Where the data below begins, start duplicating lines exactly, and finish with the line containing "It has 26 megapixels"; add nothing else. Leave the pictures out.

■ **Exercise input**:
++++++

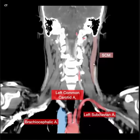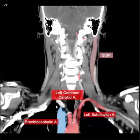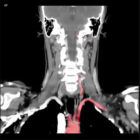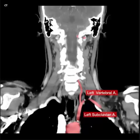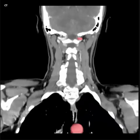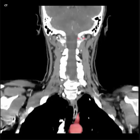Right and left sternocleidomastoid muscle, right and left vertebral artery, brachiocephalic artery, left common carotid artery, left subclavian artery. Right and left apex.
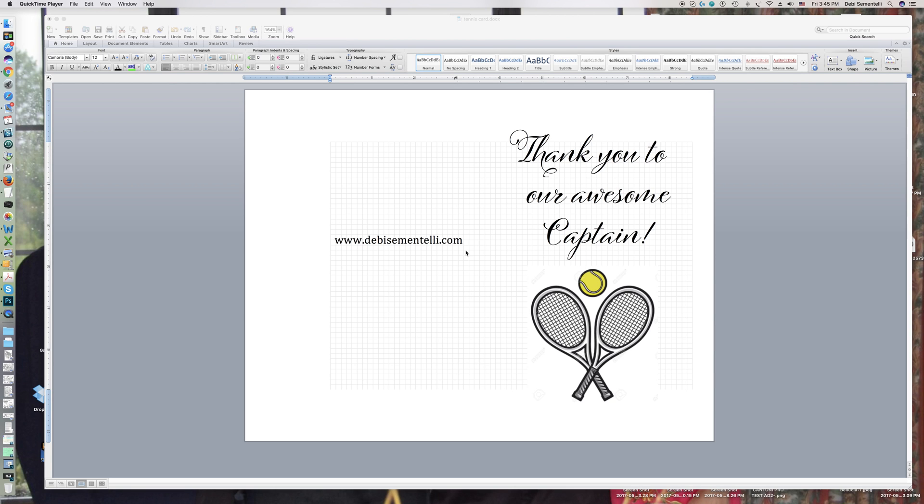Hi, this is Debbie Cimentelli with DebbieCimentelli.com. I'm a lettering artist and font designer, and I'm here to show you something cool in Microsoft Word 2011 that you may not have known about.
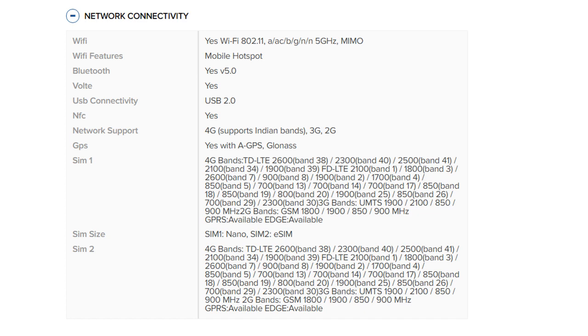850 bands 18 and 19, 800 band 20, 1900 band 25, 850 band 26, 700 band 29, 2300 band 30. 3G bands: UMTS 1900, 2100, 850, 900 MHz. 2G bands: GSM 1800, 1900, 850, 900 MHz. GPRS available, EDGE available.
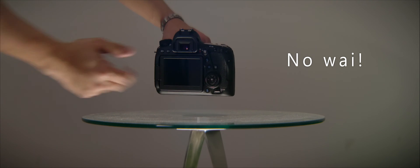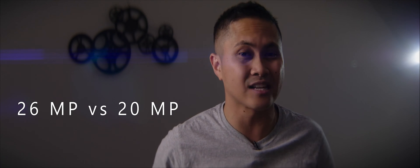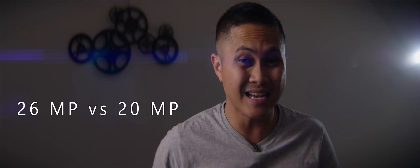It has 26 megapixels while the 6D has 20. But that 6D's 20 megapixels is still freaking amazing—don't get me wrong and don't get it twisted.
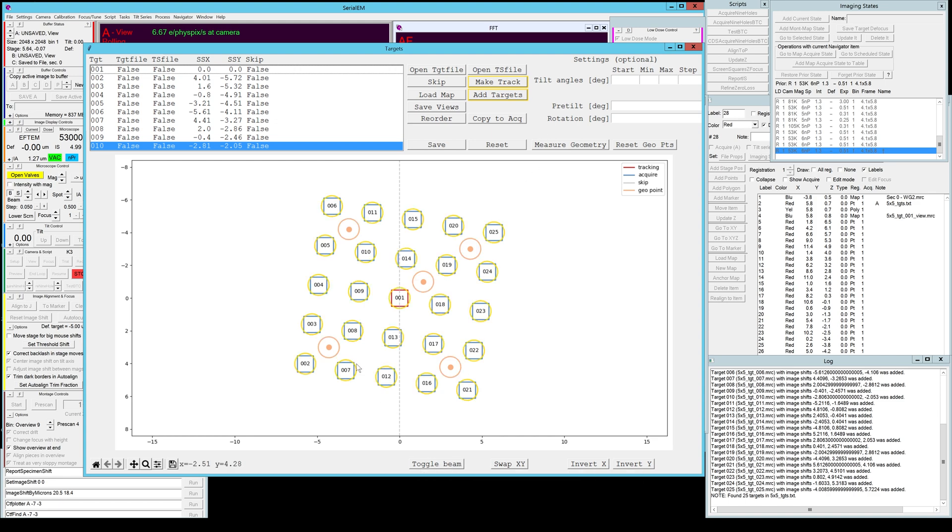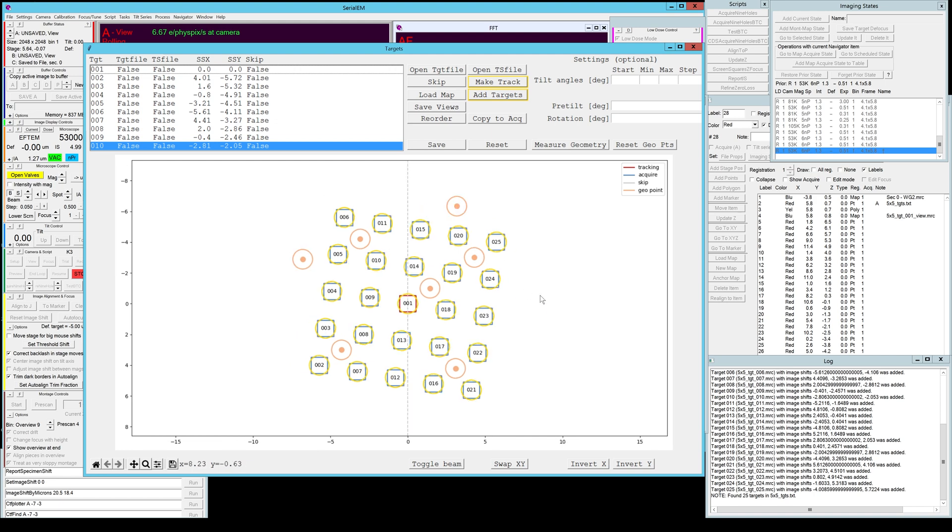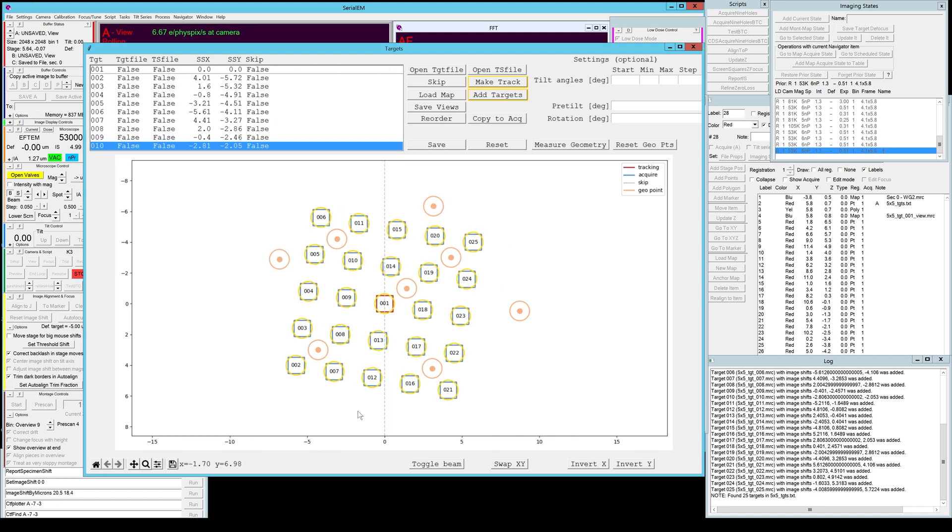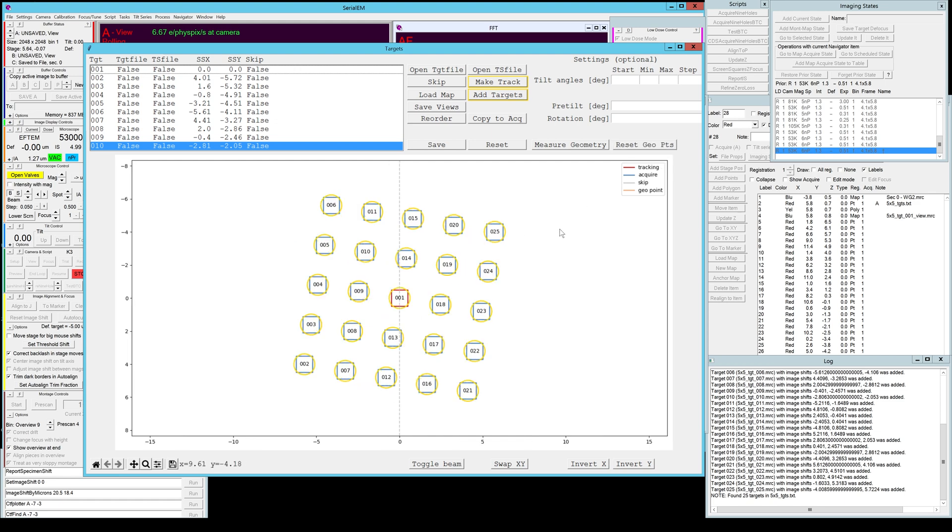You can also toggle the beam diameter again to make sure that these points are not overlapping with your actual targets that you want to collect on. If you really want to and you know you have space you can actually add more geo points by hitting the middle mouse button on the plot here and of course you can reset them again which will delete all of them.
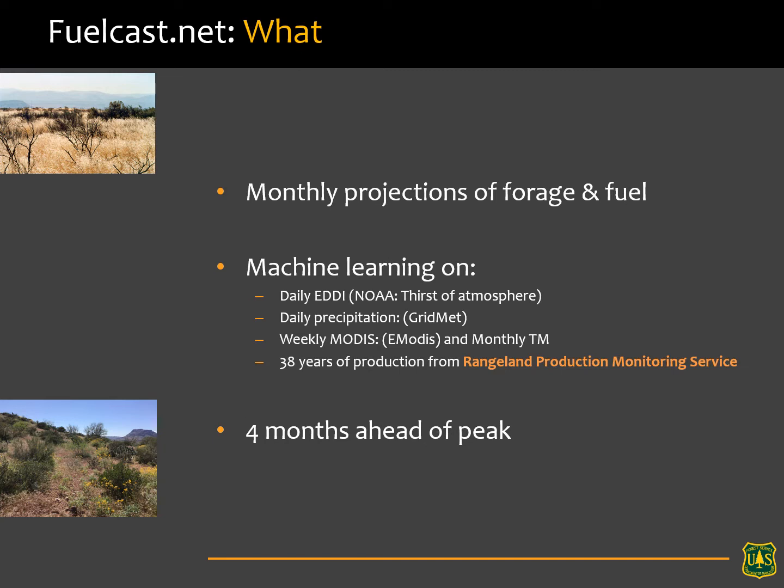Well what is it? It's monthly projections of forage and fuel, as the name implies, and it's based on machine learning. This is a deployed artificial intelligence application — it's a web app on Google Earth Engine. You can google FuelCast.net right now and see for yourself. It learns from daily eddy, which is a drought metric, daily precipitation — rainfall — and also some remote sensing information.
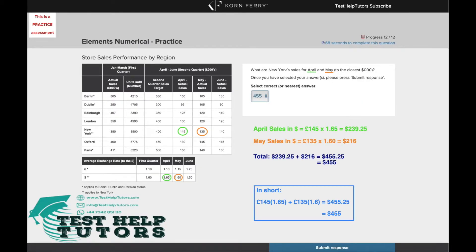I hope you've had a go. What are New York's sales for April and May to the closest thousand dollars? To solve this problem, we'd have to use this table here and look at the figures for New York in April and May.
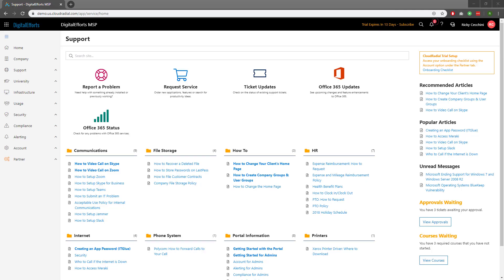Today, we'll be looking at the Cloud Radial Agent. The Cloud Radial Agent brings in data and structures it for client-focused reporting that you can use to build out your automated QBRs. It also helps you keep track of, and give visibility into, data governance and compliance for your clients. Let's take a look at it now.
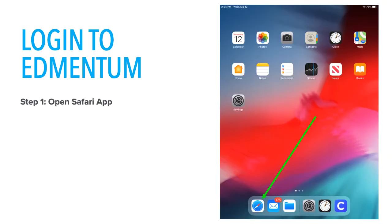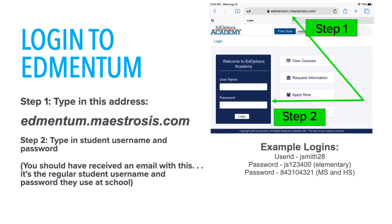From your main screen, locate the Safari app and open. Once Safari opens, type in the Edmentum website address shown on this slide. Once you type it in, press Enter.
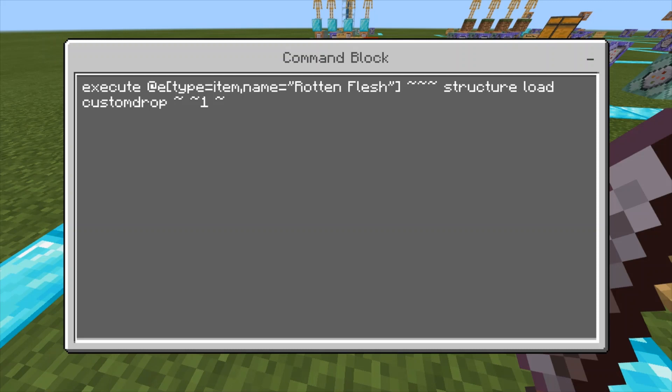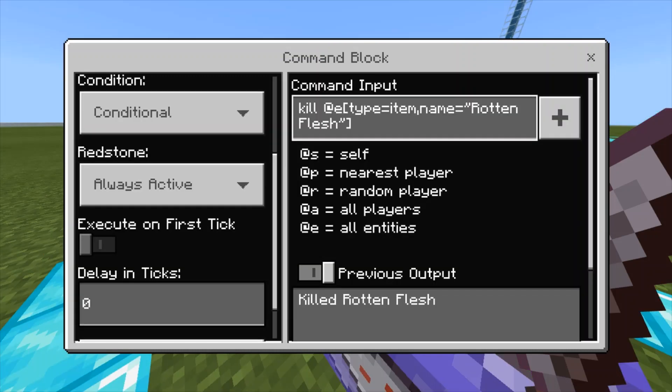The second command you want is a chain conditional always active block, with delay ticks 0. And it's: kill @e type equals item, name equals rotten flesh in quotation marks. That's all it does, and it makes the zombie drop custom items. You can choose any item you want.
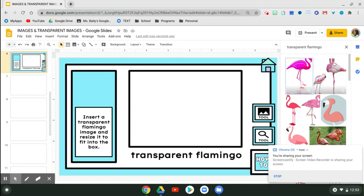Notice that the images that have popped up—most of them do not have a background. When you find one you like, you can click it two times.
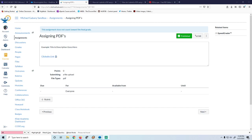Welcome back everybody to the Mind of Gaps. Today we will be discussing how to assign a PDF where the students can submit it via their phone or the computer.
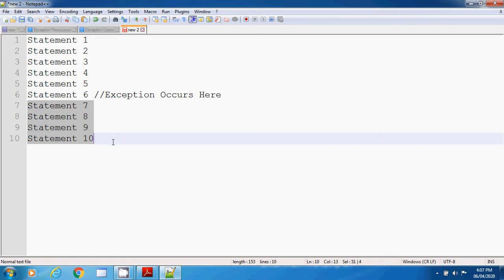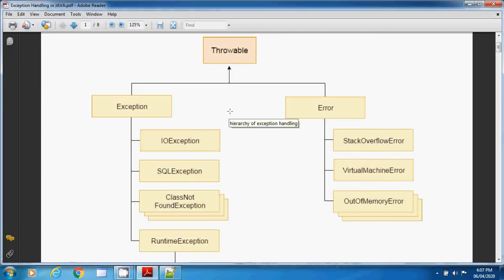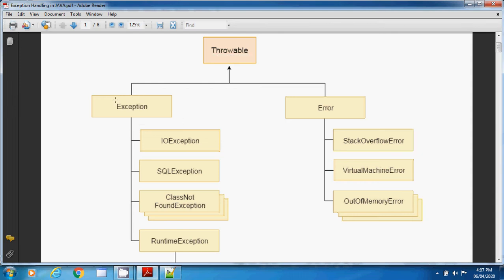We can explain this with the help of the exception class hierarchy. The superclass is the Throwable class — and Throwable also has its own superclass, which is the Object class. Throwable has two subclasses: Exception and Error.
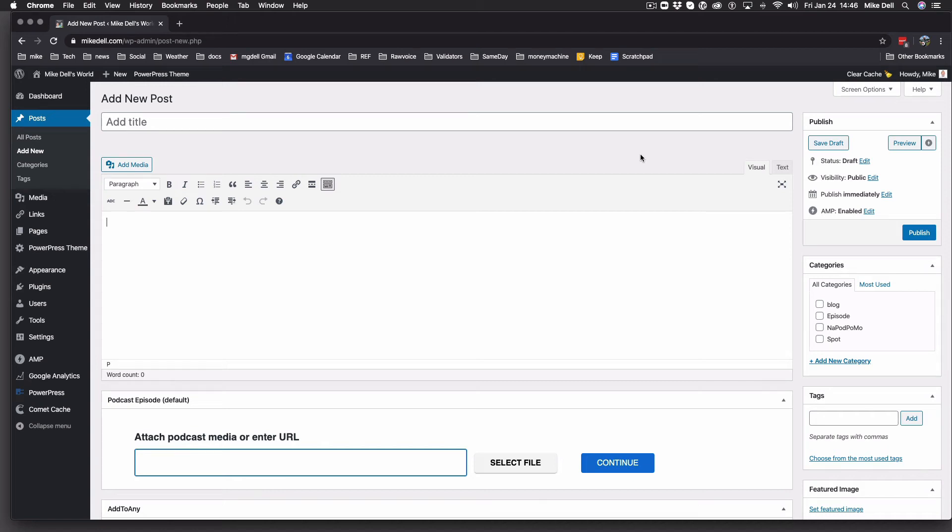Hello, I'm Mike, and today we're going to talk about the episode box, the podcast episode box in PowerPress, added by PowerPress.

++++++

■ **Expected answer**:
Right and left sternocleidomastoid muscle, right and left vertebral artery, brachiocephalic artery, left common carotid artery, left subclavian artery. Right and left apex.
Hi, this is Debbie Cimentelli with DebbieCimentelli.com. I'm a lettering artist and font designer, and I'm here to show you something cool in Microsoft Word 2011 that you may not have known about.
850 bands 18 and 19, 800 band 20, 1900 band 25, 850 band 26, 700 band 29, 2300 band 30. 3G bands: UMTS 1900, 2100, 850, 900 MHz. 2G bands: GSM 1800, 1900, 850, 900 MHz. GPRS available, EDGE available.
It has 26 megapixels while the 6D has 20. But that 6D's 20 megapixels is still freaking amazing—don't get me wrong and don't get it twisted.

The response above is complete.